**TASK TO CARRY OUT:** Starting with the line that contains "WW2 MILITARE PINZA TAGLIAFILI" and stopping after the line that contains "alfa romeo Giulia 2021 - 10", copy the entries below exactly. Include nothing else.
------ RECORD SET
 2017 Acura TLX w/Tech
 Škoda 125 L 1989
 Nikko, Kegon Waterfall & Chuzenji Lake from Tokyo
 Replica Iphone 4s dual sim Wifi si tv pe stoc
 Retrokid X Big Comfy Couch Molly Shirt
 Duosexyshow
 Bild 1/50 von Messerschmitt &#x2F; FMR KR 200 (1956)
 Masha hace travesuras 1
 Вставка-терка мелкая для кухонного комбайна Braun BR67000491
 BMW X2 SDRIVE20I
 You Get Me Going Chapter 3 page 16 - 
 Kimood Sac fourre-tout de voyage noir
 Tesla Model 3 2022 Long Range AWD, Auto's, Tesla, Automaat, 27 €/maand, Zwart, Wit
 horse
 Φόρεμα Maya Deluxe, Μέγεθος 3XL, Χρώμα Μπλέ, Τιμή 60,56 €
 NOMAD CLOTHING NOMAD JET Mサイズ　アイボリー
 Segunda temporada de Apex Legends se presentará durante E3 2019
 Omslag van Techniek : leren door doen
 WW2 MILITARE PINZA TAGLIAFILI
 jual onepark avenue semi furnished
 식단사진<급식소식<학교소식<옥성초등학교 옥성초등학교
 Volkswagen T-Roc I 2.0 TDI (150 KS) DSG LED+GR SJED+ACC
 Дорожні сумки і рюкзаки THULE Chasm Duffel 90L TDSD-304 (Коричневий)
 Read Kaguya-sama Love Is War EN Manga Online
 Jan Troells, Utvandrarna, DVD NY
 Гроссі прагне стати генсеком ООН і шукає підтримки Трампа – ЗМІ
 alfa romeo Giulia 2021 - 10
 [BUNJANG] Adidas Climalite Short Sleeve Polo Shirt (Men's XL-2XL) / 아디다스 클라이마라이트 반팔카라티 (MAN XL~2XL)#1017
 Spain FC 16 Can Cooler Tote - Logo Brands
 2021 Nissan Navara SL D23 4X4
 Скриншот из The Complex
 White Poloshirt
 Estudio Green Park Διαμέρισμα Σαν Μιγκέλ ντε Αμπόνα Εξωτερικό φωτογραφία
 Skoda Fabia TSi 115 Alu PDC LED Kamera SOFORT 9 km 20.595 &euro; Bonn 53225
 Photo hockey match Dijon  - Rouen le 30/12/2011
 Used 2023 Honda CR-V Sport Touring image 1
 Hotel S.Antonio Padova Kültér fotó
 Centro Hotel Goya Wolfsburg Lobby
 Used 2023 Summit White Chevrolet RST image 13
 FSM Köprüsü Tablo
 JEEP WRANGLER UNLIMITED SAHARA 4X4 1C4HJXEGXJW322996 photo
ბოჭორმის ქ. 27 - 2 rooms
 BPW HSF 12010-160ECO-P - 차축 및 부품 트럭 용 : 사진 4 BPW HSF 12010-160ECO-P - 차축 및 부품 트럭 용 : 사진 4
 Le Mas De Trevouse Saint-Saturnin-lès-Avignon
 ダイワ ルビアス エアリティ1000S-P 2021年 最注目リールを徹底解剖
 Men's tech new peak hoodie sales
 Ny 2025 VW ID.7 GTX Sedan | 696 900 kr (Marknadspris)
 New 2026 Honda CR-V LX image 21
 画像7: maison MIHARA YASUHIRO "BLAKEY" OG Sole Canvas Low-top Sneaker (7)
------------
**RESULT OF THE EXERCISE:**
 WW2 MILITARE PINZA TAGLIAFILI
 jual onepark avenue semi furnished
 식단사진<급식소식<학교소식<옥성초등학교 옥성초등학교
 Volkswagen T-Roc I 2.0 TDI (150 KS) DSG LED+GR SJED+ACC
 Дорожні сумки і рюкзаки THULE Chasm Duffel 90L TDSD-304 (Коричневий)
 Read Kaguya-sama Love Is War EN Manga Online
 Jan Troells, Utvandrarna, DVD NY
 Гроссі прагне стати генсеком ООН і шукає підтримки Трампа – ЗМІ
 alfa romeo Giulia 2021 - 10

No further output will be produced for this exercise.